Solved – Clustering time series when each object has multiple time series

clusteringtime series

I'm trying to cluster my customers in terms of their buying pattern throughout 7 years. Each customer has the quantity they bought at each quarter for 7 years for 10 products. So there are multiple time series for each customer. I would like to cluster customers based on their buying pattern (I also want to make sure that the algorithm also considers the correlation between one's buying patterns of different product. Which clustering method should I use? Is it possible to use SAS, SPSS or R to compute this?

Thanks!

Best Answer

There is no algorithm which just clusters groups of multidimensional time series for you.
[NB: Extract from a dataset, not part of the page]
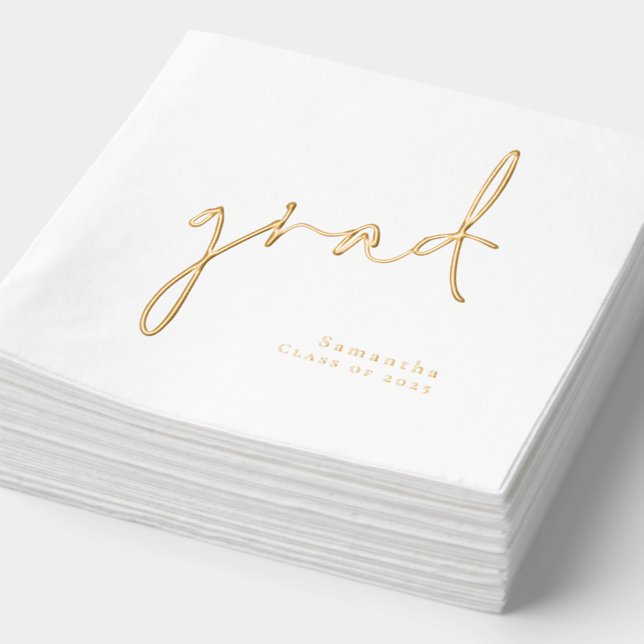 Grad Stylish Script Name Year  Foil Napkins (Detail)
First you need to define features for each datapoint (here: individual), then you can choose a clustering method in the feature space. These are two seperate tasks.

For now, you have for each indiviual customer of 7 * 10 * 4 scalars, which you can define as 10 time series (for each product) each of length 28 (4 quartals over 7 years).
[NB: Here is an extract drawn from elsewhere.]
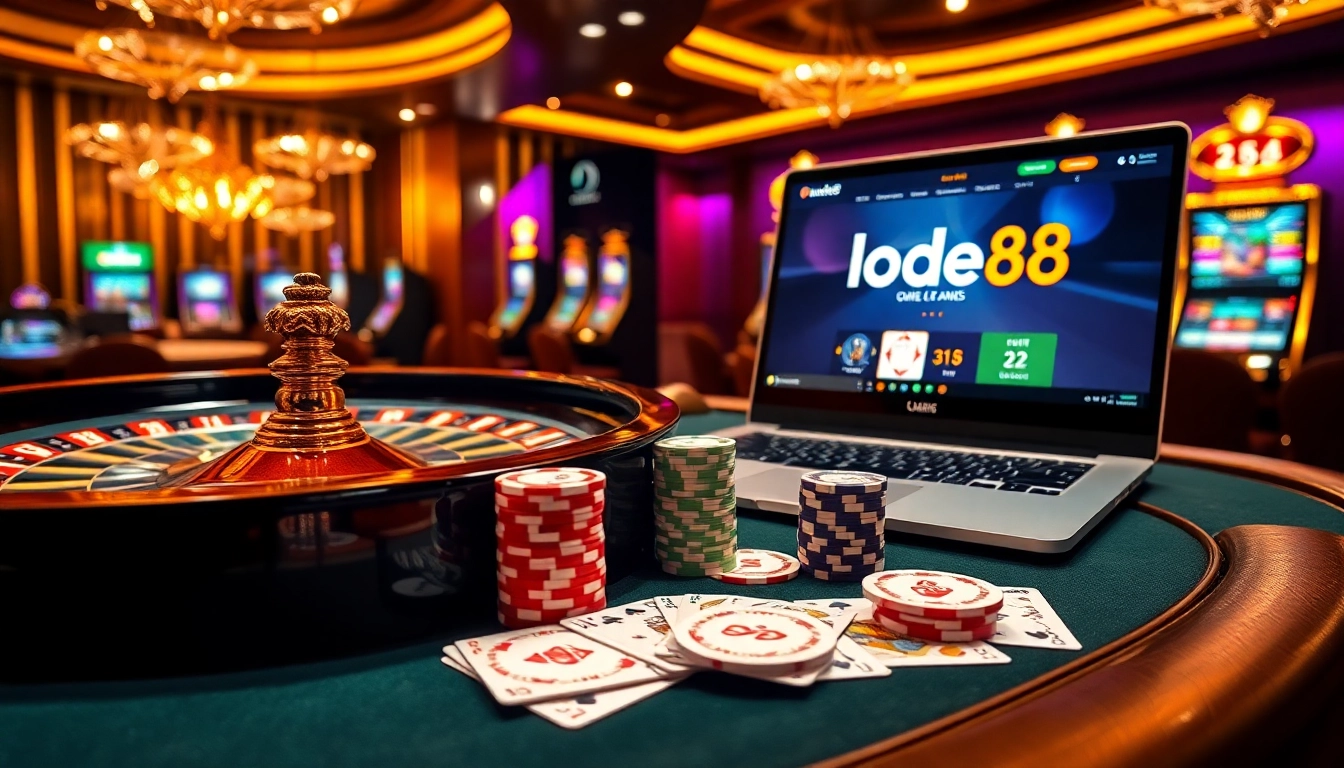 Lode88 offers thrilling online gambling experiences with vibrant casino elements and high-stakes play.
simple start: mean interest in a product over the years

You could now compute the mean for each products over time and remain with 10 values per customer, which represent the average interest of a customer in a specific product over time. Now you could use any clustering algorithm (see here for examples) and cluster customers regarding their interest.

correlation

Yet you specifically mentioned correlation between products as relevant. Well, then you can compute the correlation matrix between all 10 time series which yields a 10 x 10 matrix with a diagonal of 1s and symetric entries. Therefore you are left with 45 features per customer Clustering in a high dimensional space is problematic, even more so if you do not have a lot of data. See here for good explanations. You could potentially further compute features based on the correlation matrix.

The quality of your clustering depends on the fit between your actual interest in certain customer attributes and the features you use for clustering.

tools

It is definetly possible to do this in R. Probably also in SPSS. I dont know SAS. I recommend Python.